Does MOCO collapses under simpler augmentation?

facebookresearch / moco

PyTorch implementation of MoCo: https://arxiv.org/abs/1911.05722

MIT License

4.83k stars 794 forks source link

Does MOCO collapses under simpler augmentation? #79

Open a411919924 opened 3 years ago

a411919924 commented 3 years ago

Recently I have been applying your implementation to simpler datasets like CIFAR10. A strong augmentation will hurt the moco's convergence on a smaller dataset, so I simplified the augmentation when training MOCO on CIFAR10: transforms.RandomCrop(32, padding=4), transforms.RandomHorizontalFlip(), transforms.ToTensor(), normalize.

Under this simpler setting, the training top1 and top5 goes up to nearly 100% at about 20th epoch. The other hyperparameters are almost unchanged, except: batch size=512, lr=0.015, arch=resnet-18, tau=0.1, k=4096.

Is this a phenomenon of collapsing?

Thanks.

triangleCZH commented 3 years ago

Hi, I just curious if it is normal to have collapse in these approaches, because I thought contrastive learning would avoid collapse naturally with negative samples?

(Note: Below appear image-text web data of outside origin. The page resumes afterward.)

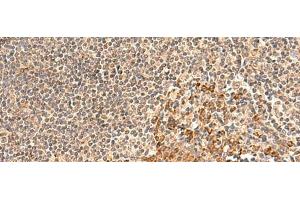 Immunohistochemistry of paraffin-embedded Human tonsil tissue using GALNT12 Polyclonal Antibody at dilution of 1:60(x200) (GALNT12 抗体)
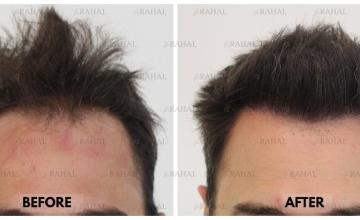 2535 Grafts Via FUE with Dr. H. Rahal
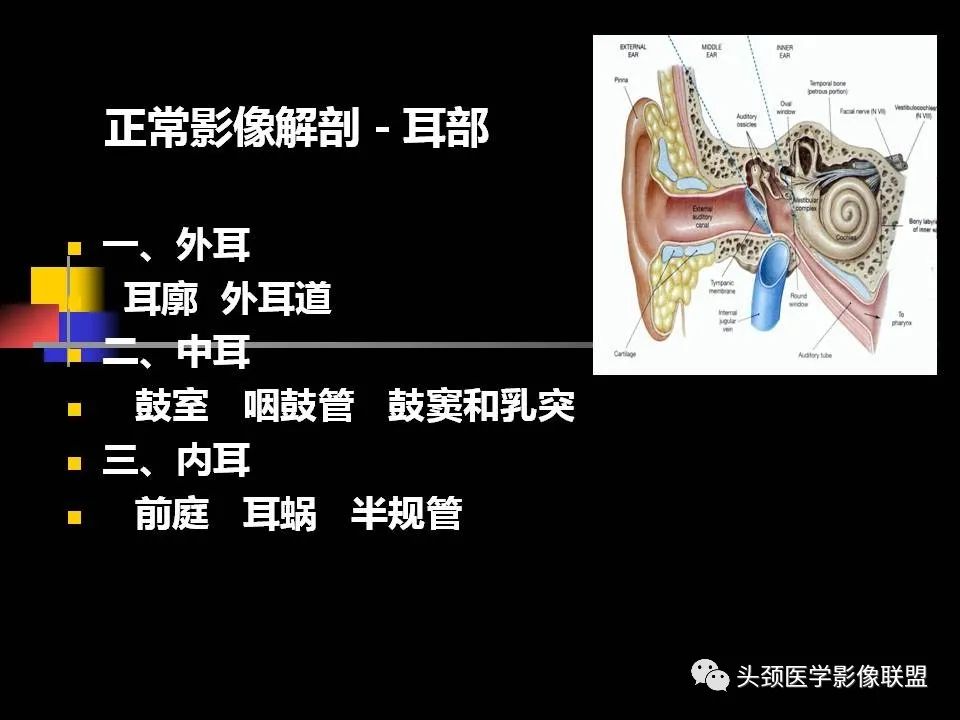 影像PPT - 【PPT】中耳乳突解剖及常见疾病-4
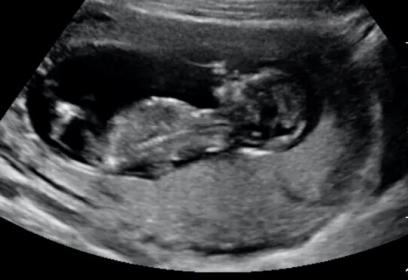 Name:  baby shot.jpg
Views: 277
Size:  15.7 KB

a411919924 commented 3 years ago

I think that these approaches are less likely to suffer from collapse comparing to other models like GANs. The InfoNCE loss can be seen to maximize the latent representation difference between an input vs (its another view and views of other inputs). Hence, the latent representations are designed to be scattered in a high-dimensional latent space.

Horizon2333 commented 3 years ago

I think that these approaches are less likely to suffer from collapse comparing to other models like GANs. The InfoNCE loss can be seen to maximize the latent representation difference between an input vs (its another view and views of other inputs). Hence, the latent representations are designed to be scattered in a high-dimensional latent space.

I think you are right. When data augmentation is simple, it cannot provide enough information for different views of each instance. So the trained models can put every instance far away from each other in latent space by over-fitting them thus get very high classification accuracy.

Euphoria16 commented 3 years ago

Did you test the downstream classification accuracy?